Supplied records Start Marker

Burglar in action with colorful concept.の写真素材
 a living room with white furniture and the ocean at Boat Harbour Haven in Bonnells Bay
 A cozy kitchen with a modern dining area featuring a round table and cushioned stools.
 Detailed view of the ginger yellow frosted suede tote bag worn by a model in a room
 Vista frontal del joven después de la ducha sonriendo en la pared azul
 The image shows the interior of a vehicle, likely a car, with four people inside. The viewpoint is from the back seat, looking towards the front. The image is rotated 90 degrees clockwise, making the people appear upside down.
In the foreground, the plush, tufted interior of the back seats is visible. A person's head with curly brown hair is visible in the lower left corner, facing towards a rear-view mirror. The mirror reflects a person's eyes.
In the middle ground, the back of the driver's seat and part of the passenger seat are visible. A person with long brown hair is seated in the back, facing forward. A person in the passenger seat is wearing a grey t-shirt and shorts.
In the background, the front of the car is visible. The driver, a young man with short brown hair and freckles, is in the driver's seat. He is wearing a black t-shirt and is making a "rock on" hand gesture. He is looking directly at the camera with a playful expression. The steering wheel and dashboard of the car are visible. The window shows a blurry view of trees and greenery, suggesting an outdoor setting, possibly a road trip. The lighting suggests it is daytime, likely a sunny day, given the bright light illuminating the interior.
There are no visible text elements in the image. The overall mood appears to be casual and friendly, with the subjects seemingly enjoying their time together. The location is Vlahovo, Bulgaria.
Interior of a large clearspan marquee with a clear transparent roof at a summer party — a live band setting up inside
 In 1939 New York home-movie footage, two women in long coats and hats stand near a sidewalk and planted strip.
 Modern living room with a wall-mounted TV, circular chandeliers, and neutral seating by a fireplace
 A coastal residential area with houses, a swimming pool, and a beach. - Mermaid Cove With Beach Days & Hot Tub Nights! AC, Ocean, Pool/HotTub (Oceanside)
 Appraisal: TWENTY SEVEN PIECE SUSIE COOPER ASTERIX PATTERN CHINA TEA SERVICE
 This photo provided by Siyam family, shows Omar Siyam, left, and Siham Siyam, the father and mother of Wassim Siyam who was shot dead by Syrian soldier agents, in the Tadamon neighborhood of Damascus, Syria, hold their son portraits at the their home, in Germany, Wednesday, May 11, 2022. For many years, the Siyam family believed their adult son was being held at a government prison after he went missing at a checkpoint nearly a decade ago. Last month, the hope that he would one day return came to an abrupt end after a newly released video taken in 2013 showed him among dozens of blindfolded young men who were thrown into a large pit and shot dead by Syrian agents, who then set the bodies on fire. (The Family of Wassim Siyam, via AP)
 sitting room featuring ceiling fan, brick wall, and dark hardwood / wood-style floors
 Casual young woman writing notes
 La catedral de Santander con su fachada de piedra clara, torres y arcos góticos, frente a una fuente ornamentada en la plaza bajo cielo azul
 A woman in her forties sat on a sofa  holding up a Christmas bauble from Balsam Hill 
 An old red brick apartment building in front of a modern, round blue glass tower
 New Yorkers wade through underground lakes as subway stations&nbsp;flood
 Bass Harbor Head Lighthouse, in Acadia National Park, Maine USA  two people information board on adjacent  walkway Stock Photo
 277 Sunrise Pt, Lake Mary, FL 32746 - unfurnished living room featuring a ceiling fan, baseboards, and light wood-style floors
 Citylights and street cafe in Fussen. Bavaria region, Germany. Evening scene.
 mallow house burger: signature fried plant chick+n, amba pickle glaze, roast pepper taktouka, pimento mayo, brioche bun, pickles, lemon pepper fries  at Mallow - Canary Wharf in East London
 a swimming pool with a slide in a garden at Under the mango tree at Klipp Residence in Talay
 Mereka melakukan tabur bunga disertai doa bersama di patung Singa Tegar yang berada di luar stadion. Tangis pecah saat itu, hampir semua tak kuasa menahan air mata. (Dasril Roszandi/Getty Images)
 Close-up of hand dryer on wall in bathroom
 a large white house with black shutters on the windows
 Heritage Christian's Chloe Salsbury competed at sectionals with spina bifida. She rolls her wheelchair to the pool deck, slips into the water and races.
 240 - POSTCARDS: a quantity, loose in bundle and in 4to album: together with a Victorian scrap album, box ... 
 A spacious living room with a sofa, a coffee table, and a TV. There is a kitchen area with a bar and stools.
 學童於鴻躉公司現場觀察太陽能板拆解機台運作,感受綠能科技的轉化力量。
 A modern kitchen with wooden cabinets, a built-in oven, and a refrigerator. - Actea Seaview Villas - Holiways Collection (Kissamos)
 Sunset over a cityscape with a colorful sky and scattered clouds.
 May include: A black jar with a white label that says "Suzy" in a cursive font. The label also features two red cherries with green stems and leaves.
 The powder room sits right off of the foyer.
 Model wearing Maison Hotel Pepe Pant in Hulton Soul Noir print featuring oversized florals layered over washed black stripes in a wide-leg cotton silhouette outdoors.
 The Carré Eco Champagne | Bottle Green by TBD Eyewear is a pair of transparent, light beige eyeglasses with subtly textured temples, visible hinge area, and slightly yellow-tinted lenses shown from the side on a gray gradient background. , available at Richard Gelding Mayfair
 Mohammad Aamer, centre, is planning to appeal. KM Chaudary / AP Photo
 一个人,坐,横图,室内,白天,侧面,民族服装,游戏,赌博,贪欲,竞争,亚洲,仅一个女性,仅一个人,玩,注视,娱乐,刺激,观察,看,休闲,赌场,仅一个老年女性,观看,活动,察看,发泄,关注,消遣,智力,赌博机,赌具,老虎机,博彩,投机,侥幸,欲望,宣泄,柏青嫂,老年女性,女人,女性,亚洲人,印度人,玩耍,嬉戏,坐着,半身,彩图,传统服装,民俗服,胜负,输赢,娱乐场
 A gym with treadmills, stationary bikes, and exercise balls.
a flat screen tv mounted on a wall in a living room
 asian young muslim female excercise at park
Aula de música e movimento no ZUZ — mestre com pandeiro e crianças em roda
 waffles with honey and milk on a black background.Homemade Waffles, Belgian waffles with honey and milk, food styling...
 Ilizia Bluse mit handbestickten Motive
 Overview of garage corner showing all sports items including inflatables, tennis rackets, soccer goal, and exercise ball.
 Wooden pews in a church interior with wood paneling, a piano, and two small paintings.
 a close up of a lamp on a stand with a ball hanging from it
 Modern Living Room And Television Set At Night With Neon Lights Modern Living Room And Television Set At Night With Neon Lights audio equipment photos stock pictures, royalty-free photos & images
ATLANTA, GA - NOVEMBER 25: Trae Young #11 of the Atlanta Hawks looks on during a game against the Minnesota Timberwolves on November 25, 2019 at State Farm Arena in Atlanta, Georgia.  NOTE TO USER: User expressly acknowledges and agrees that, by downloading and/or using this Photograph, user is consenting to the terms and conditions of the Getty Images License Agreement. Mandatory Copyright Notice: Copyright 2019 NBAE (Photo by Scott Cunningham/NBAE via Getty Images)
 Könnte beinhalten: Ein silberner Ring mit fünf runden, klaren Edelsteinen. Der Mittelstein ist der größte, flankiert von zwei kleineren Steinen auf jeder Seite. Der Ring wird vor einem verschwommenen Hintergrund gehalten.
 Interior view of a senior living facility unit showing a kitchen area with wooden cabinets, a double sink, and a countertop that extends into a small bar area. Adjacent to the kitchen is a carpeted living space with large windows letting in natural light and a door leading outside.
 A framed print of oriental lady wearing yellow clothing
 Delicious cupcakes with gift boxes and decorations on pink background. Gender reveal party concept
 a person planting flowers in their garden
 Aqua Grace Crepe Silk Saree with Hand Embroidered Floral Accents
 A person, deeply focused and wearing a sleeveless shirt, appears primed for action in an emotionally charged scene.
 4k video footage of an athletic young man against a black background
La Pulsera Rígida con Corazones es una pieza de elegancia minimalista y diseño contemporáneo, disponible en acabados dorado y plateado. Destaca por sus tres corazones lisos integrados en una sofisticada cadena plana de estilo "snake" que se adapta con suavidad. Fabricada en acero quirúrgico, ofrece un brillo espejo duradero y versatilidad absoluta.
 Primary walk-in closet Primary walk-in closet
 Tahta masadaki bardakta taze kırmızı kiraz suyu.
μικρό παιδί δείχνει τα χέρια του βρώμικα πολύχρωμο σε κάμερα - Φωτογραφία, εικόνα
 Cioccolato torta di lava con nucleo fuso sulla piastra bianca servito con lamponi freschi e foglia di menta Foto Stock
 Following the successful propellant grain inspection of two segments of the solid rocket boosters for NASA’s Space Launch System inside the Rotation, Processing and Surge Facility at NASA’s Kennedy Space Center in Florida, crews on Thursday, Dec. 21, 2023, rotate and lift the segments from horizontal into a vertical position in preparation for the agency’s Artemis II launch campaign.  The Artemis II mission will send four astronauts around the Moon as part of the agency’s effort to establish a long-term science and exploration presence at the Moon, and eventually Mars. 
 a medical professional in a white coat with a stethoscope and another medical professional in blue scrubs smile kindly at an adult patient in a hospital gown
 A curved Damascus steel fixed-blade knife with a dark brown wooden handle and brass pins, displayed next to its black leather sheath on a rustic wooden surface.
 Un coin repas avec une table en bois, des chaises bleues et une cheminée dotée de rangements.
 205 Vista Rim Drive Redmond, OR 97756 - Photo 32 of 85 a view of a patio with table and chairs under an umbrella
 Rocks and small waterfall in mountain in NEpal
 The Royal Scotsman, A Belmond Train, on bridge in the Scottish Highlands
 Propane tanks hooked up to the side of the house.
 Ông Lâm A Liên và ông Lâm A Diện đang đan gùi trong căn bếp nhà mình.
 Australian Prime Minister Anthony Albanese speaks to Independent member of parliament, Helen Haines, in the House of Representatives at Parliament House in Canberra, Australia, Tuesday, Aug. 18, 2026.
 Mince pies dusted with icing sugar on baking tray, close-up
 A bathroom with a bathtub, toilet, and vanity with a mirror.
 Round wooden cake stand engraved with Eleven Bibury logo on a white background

Supplied records End Marker

Using the records above, say how many lines contain the word "scene". Write the number alone.

2